• **What is being asked**: Repeat exactly, and only, the lines of the entries below from the one with "Książeczka dla maluszka" through the one with "Villeroy & Boch", both ends included.

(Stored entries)
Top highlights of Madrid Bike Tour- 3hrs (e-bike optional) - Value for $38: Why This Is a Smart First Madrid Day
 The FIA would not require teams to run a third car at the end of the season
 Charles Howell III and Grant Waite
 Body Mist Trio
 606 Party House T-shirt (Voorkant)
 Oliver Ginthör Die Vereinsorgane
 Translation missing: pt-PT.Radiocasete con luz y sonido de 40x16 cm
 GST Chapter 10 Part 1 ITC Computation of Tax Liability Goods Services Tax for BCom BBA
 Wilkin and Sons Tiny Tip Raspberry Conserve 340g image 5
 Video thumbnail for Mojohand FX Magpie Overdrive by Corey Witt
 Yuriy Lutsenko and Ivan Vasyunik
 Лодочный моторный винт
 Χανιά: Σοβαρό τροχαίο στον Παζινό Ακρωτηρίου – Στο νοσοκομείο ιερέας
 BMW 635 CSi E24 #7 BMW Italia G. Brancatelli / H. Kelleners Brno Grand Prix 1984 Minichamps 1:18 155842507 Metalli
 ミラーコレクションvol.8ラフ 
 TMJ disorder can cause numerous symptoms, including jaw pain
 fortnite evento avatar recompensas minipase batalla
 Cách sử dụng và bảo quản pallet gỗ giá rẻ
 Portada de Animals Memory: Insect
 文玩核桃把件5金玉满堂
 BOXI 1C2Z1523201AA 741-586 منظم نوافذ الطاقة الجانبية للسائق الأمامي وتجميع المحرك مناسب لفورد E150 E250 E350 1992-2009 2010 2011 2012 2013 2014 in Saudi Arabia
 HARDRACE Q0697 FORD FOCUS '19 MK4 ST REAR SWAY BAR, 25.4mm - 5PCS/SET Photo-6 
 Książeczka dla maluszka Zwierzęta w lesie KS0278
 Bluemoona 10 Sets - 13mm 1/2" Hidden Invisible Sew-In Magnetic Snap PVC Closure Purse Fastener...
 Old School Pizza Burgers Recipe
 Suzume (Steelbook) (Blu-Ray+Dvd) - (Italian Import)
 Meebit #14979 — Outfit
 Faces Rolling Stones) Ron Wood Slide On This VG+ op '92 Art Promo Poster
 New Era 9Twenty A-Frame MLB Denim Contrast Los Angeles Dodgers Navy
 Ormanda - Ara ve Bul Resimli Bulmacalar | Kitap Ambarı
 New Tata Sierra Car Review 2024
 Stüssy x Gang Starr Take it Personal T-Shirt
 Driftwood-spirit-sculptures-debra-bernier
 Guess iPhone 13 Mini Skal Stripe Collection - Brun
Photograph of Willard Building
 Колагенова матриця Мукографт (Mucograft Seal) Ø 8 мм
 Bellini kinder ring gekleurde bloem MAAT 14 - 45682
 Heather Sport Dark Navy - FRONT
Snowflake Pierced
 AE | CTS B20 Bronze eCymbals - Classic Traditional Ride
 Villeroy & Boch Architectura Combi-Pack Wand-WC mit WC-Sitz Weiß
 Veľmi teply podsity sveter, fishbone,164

• **Written solution**:
 Książeczka dla maluszka Zwierzęta w lesie KS0278
 Bluemoona 10 Sets - 13mm 1/2" Hidden Invisible Sew-In Magnetic Snap PVC Closure Purse Fastener...
 Old School Pizza Burgers Recipe
 Suzume (Steelbook) (Blu-Ray+Dvd) - (Italian Import)
 Meebit #14979 — Outfit
 Faces Rolling Stones) Ron Wood Slide On This VG+ op '92 Art Promo Poster
 New Era 9Twenty A-Frame MLB Denim Contrast Los Angeles Dodgers Navy
 Ormanda - Ara ve Bul Resimli Bulmacalar | Kitap Ambarı
 New Tata Sierra Car Review 2024
 Stüssy x Gang Starr Take it Personal T-Shirt
 Driftwood-spirit-sculptures-debra-bernier
 Guess iPhone 13 Mini Skal Stripe Collection - Brun
Photograph of Willard Building
 Колагенова матриця Мукографт (Mucograft Seal) Ø 8 мм
 Bellini kinder ring gekleurde bloem MAAT 14 - 45682
 Heather Sport Dark Navy - FRONT
Snowflake Pierced
 AE | CTS B20 Bronze eCymbals - Classic Traditional Ride
 Villeroy & Boch Architectura Combi-Pack Wand-WC mit WC-Sitz Weiß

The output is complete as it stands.